En leur offrant un espace sécuritaire pour s’exprimer, Alain a été témoin d’une réelle détresse.
J’ai sauvé trois pompiers du suicide depuis 29 ans.
Alain
« Quand je faisais de l’écoute sur un site web, j’ai été mis en contact avec trois pompiers gais qui pensaient mettre fin à leurs jours. Je les ai écoutés, j’ai répondu à leurs questions, je leur ai suggéré des références d’aide et ils s’en sont sortis. »
Croit-il que sa profession sera un jour ouverte et inclusive ? « J’aimerais ça, mais je ne sais pas si j’y crois. J’imagine que parmi les nouvelles recrues, il y a beaucoup de jeunes pompiers beaucoup plus ouverts d’esprit. J’espère qu’un jour, ce sera moins caché. »
Le directeur du Service de sécurité incendie de Montréal (SIM), Richard Liebmann, avait proposé à La Presse de réaliser une entrevue sur le sujet, fin juillet.

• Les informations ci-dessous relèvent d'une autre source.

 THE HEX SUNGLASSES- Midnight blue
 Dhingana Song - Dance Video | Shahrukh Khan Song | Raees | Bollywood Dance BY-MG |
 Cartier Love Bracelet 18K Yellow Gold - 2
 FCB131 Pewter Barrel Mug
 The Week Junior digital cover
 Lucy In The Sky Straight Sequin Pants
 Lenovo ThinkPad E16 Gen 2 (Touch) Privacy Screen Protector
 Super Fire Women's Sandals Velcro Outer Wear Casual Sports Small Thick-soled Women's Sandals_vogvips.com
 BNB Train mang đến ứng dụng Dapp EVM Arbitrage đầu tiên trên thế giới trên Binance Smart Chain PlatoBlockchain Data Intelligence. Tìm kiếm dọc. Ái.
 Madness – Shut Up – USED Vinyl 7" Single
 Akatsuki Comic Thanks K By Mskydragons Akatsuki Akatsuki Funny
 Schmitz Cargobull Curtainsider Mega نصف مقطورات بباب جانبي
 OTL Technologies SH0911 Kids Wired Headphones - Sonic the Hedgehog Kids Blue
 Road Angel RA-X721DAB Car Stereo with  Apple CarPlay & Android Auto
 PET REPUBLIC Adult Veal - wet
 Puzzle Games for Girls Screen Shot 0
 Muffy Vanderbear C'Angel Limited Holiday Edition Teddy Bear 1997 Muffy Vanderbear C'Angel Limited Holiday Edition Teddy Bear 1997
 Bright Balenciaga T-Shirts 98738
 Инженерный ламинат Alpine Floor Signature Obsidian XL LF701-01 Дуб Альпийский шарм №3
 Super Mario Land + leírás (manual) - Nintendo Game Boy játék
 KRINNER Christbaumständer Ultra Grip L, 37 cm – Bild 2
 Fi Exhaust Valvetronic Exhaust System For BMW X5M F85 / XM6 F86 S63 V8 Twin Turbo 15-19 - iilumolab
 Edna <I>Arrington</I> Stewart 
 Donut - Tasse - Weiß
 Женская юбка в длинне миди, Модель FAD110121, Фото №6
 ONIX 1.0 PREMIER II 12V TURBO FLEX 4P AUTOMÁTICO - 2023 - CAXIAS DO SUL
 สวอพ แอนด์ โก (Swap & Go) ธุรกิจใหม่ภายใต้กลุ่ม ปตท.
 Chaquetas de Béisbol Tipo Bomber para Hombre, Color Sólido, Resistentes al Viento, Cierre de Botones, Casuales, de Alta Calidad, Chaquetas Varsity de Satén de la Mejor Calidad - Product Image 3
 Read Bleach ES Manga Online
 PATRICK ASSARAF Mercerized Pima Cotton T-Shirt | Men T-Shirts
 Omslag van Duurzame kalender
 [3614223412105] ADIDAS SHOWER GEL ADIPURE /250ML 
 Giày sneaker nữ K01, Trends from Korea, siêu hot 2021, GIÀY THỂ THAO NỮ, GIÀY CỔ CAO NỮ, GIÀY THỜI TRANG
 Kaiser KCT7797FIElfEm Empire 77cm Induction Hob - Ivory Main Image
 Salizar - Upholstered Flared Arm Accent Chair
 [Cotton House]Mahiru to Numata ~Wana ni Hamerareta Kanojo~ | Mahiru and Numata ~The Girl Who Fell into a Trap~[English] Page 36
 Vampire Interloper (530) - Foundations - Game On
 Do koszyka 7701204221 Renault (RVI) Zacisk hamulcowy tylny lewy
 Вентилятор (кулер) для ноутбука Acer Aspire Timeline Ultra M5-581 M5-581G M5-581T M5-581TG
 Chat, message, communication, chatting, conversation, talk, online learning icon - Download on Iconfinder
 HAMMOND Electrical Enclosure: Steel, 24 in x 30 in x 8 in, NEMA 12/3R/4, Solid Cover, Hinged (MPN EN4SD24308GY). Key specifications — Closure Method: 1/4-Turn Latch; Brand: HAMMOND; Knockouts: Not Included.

Toutefois, les relations de presse de la Ville de Montréal ont reporté la rencontre à l’automne, nous faisant parvenir ce message. « Le SIM a travaillé au cours des derniers mois afin de développer une stratégie d’inclusion et de diversité qui a notamment pour objectif de favoriser l’intégration de tous ses membres, afin de se positionner comme une organisation inclusive, respectueuse des différences et bienveillante à l’égard de ses employés et employées. Beaucoup de travail a été effectué jusqu’à présent et le projet suit son cours. Celui-ci devrait être présenté aux membres du SIM au cours des prochains mois. »
Également invitée à se prononcer sur le sujet, l’Association des pompiers de Montréal, syndicat qui représente plus de 2000 pompiers et pompières, a décliné la demande d’entrevue de La Presse. L’organisation syndicale dit préférer réagir à l’annonce du Service de sécurité incendie de Montréal, l’automne prochain.